Take the Control Girl Quiz
Question 10: Do you keep hidden agendas?
Do you tend to conceal information or only tell part of the story, to give yourself leverage? Do you use information to manipulate people? Do you use relational equity to your advantage?
Dinner Plans
I recently had a big argument with my husband that started with him asking and innocent question:
“What’s for dinner?” he said.
This provoked me. I began ranting about how much I do around the house (not nearly as much as many women) and his unreasonable expectations (he’s actually not demanding at all) and how burdensome my life is (this isn’t true either; I have it pretty easy).

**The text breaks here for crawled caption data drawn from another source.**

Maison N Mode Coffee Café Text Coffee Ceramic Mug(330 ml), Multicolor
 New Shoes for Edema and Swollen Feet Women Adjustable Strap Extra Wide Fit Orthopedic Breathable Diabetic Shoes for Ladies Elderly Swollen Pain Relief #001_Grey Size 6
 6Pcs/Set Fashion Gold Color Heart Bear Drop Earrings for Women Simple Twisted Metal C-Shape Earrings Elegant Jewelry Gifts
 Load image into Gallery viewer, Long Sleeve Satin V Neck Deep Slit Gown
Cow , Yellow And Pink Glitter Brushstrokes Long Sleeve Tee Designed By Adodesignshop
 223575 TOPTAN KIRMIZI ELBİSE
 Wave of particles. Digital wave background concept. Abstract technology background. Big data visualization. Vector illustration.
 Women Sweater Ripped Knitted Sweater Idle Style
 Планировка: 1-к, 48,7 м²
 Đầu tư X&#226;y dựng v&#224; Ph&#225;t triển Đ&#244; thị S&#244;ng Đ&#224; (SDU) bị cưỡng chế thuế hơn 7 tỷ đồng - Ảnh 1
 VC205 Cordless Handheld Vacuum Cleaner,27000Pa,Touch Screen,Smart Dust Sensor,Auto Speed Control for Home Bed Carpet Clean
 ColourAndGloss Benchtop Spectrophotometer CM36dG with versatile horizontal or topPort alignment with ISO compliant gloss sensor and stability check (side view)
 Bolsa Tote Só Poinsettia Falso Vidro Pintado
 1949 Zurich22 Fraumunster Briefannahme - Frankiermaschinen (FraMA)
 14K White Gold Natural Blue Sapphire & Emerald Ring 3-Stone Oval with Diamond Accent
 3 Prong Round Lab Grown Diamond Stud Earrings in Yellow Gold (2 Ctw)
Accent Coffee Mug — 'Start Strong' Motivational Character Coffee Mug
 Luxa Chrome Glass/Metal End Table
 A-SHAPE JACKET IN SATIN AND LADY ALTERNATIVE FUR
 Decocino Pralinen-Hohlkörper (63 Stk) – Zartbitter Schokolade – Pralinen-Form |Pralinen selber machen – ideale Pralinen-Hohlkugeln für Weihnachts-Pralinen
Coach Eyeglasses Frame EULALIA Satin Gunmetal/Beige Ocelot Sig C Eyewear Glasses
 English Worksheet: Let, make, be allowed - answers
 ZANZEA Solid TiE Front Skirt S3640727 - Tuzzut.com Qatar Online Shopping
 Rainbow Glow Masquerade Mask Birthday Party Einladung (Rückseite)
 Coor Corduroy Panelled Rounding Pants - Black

So as you might expect, these unfair complaints and criticisms sent some sparks flying. My husband fired back some defensive zingers, reminding me loudly about how he lets me go shopping whenever I like, and never complains about what I cook or how late it is when dinner finally makes it to the table. (These things are true).
Even so, I didn’t back down. As I got the meat out to thaw and the onions to chop, I kept griping and complaining about my terrible life. But if I’m honest, all of this was a smokescreen. There was something else at the bottom of it all that I wasn’t saying.
Earlier that week, my dear husband had made a vague suggestion about going out for dinner that weekend. He said it, and I was counting on it.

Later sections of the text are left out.